Dentro del Gómez Ulla, la rutina también cambia. Los viajeros permanecerán en habitaciones individuales, sin visitas y bajo vigilancia médica constante mientras dure la cuarentena. El protocolo incluye pruebas PCR, controles diarios de temperatura y seguimiento específico ante posibles síntomas como fiebre, vómitos o dificultades respiratorias.
Si algún paciente desarrolla síntomas compatibles con el virus, será trasladado a zonas de aislamiento con presión negativa, uno de los sistemas más especializados para controlar enfermedades infecciosas. El hospital cuenta además con una Unidad de Aislamiento y Tratamiento de Alto Nivel preparada para este tipo de situaciones excepcionales.
El operativo ha obligado a reforzar la coordinación entre distintos servicios públicos. Policía Nacional, Guardia Civil, Fuerzas Armadas, Protección Civil y Sanidad Exterior han participado en un despliegue poco habitual incluso para Madrid, una ciudad acostumbrada a gestionar grandes dispositivos de emergencia y seguridad.
Desde el hospital han insistido en transmitir tranquilidad. El personal sanitario especializado trabaja con protocolos ya ensayados en otras crisis sanitarias y recuerda que los viajeros son contactos en observación y no pacientes graves. La vigilancia busca precisamente detectar cualquier posible caso antes de que aparezcan complicaciones.
El seguimiento sanitario no responde solo a una cuestión preventiva. El hantavirus es una infección poco frecuente, pero potencialmente muy grave, capaz de provocar insuficiencia respiratoria severa y con tasas de mortalidad que pueden superar el 35% en algunos casos. Aunque las autoridades insisten en que el riesgo para la población general sigue siendo bajo, la rápida activación de protocolos de aislamiento busca evitar cualquier posible cadena de transmisión y contener un virus que, en determinadas variantes como la detectada en este brote, puede llegar a propagarse entre personas en contactos estrechos.

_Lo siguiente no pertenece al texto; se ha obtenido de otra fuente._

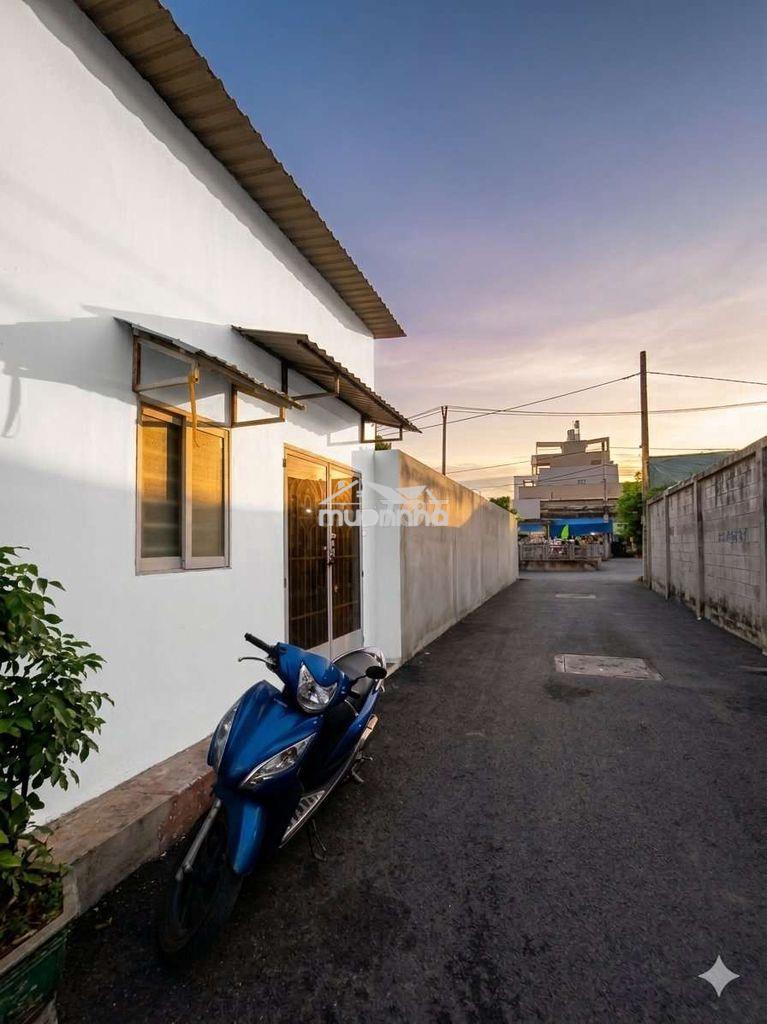 Nhà nguyên căn 100m2 giá rẻ 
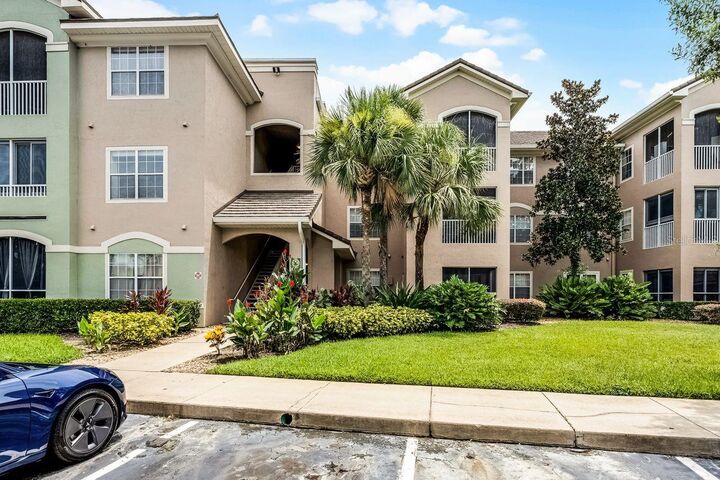 Property Photo: 4881 Cypress Woods Drive 3203 FL 32811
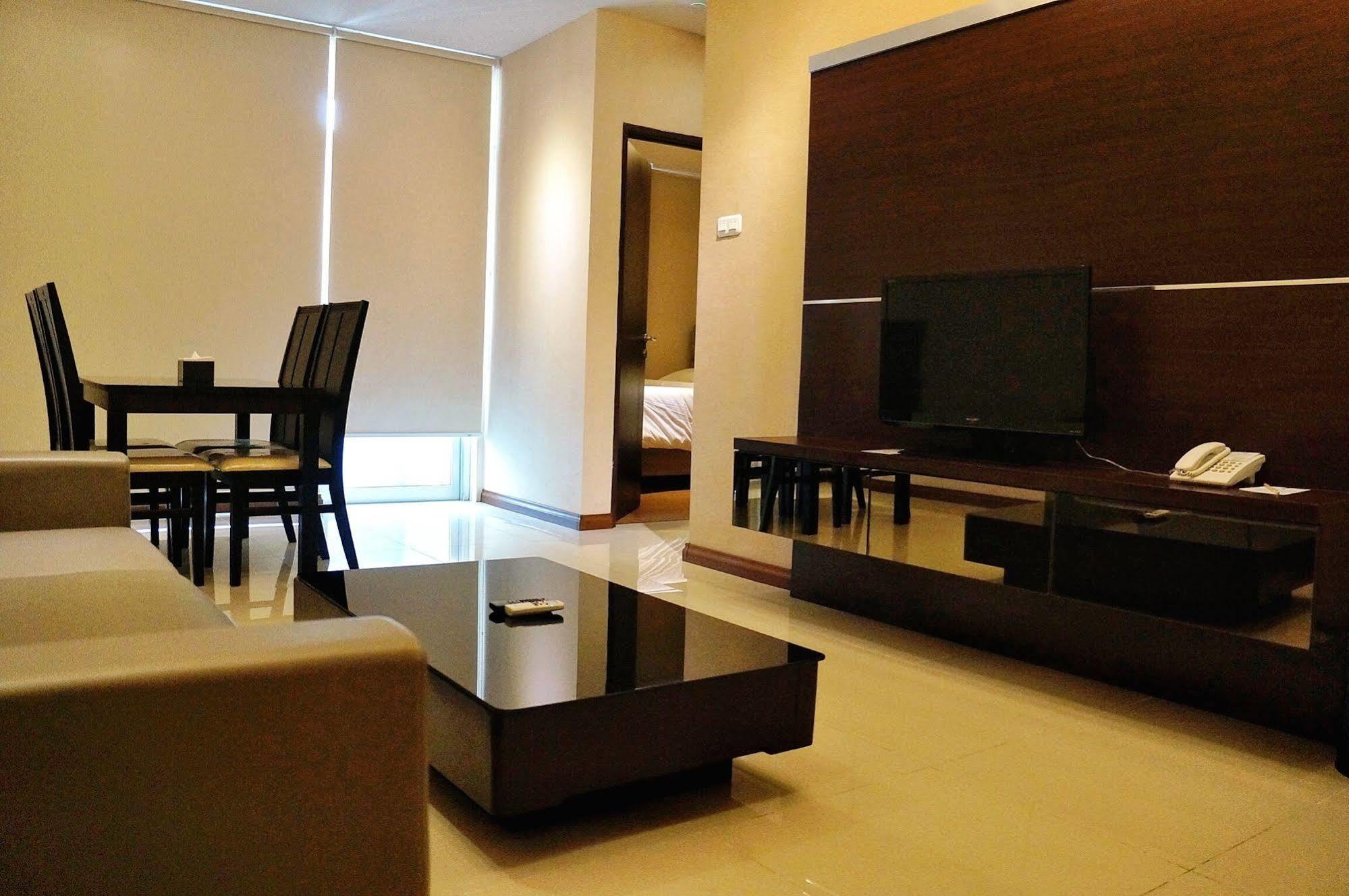 Royal Suite Condotel Medan Exterior foto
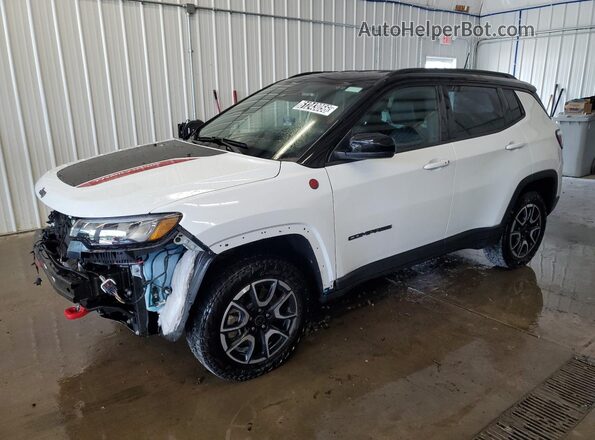 3C4NJDDN4ST532681 2025 JEEP COMPASS White 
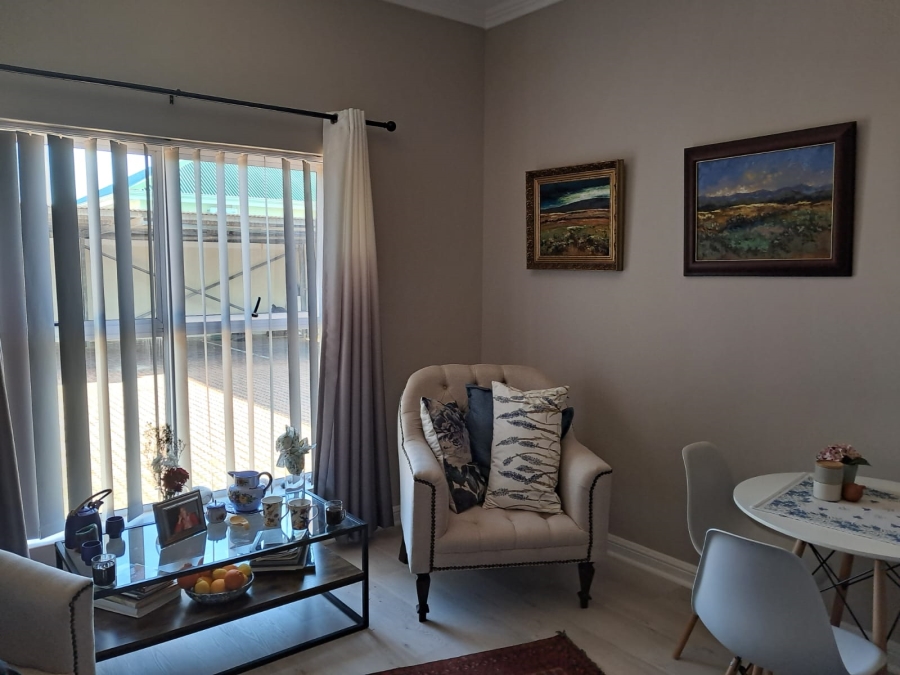 1 Bedroom Property for Sale in Stilbaai Wes Western Cape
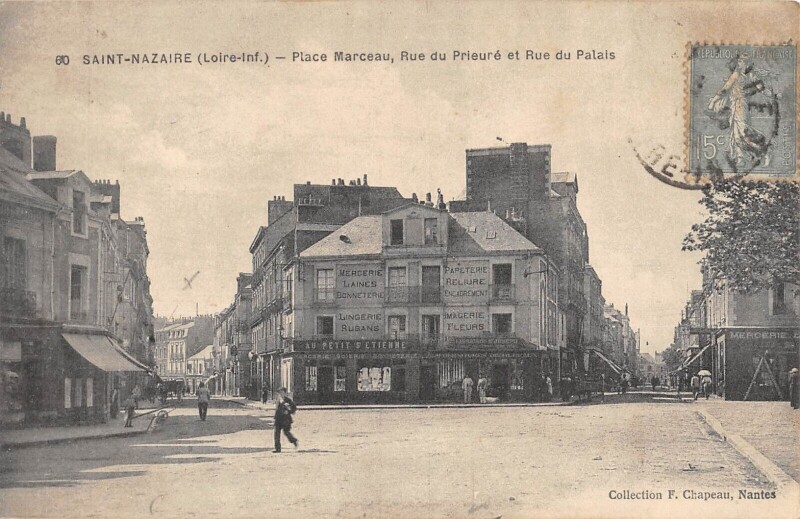 Carte postale ancienne Saint Nazaire - Place Marceau - Rue Du Prieure Et Rue Du Palais à Saint-Nazaire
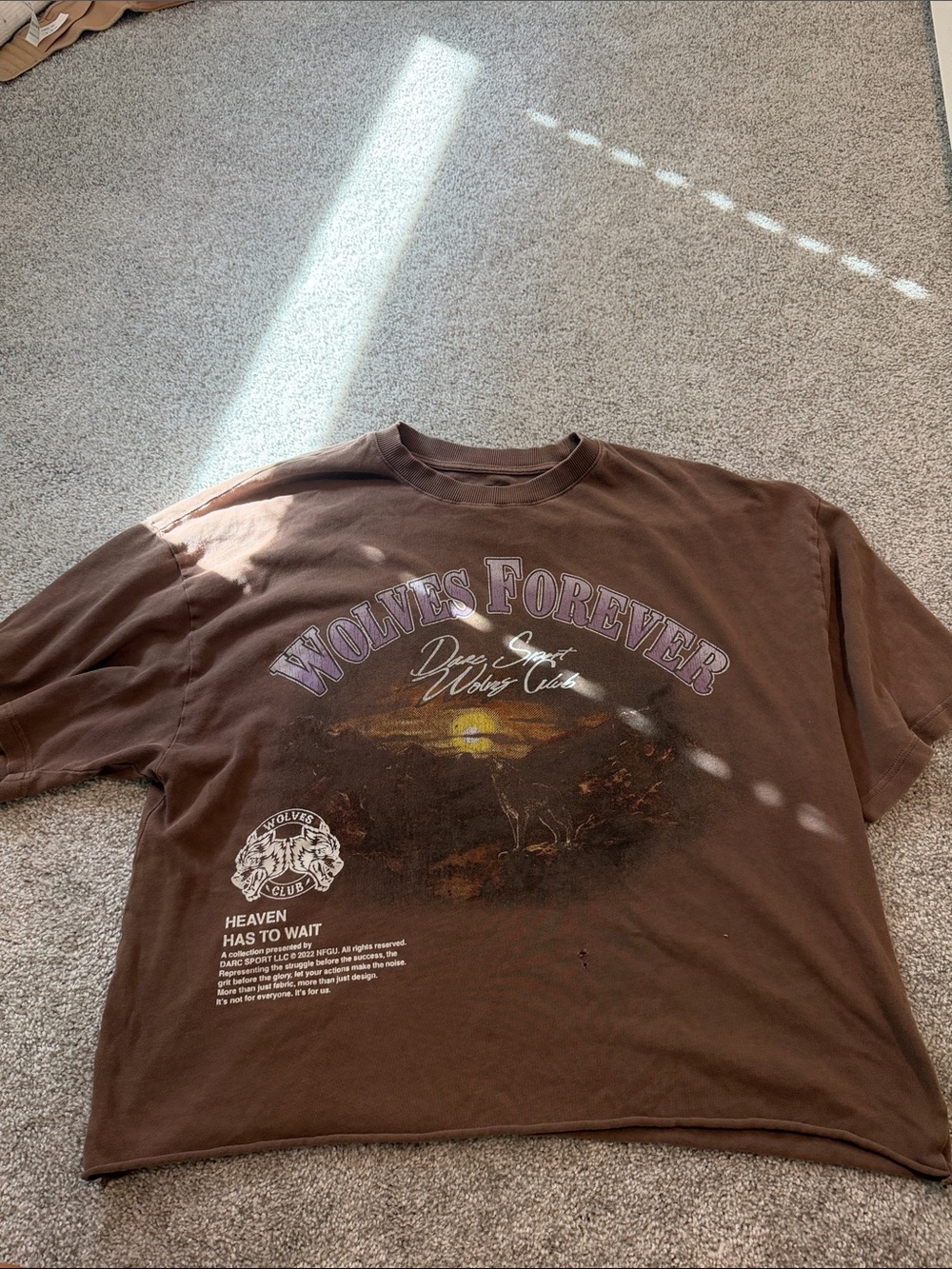 Darc Sport Cropped Wolves Forever Brown Graphic Tee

UPD: La situación ha cambiado desde el inicio de la cuarentena. El primer positivo español por hantavirus ya ha sido dado de alta tras superar la enfermedad y dar negativo en las pruebas exigidas por el protocolo. En cambio, el segundo caso confirmado, detectado durante el seguimiento de los viajeros del MV Hondius, permanece en la Unidad de Aislamiento y Tratamiento de Alto Nivel del Gómez Ulla tras desarrollar febrícula. El resto de pasajeros continúa bajo observación, sin síntomas y con pruebas negativas, a la espera de nuevos controles que podrían permitirles seguir el aislamiento en casa si no aparecen nuevos positivos.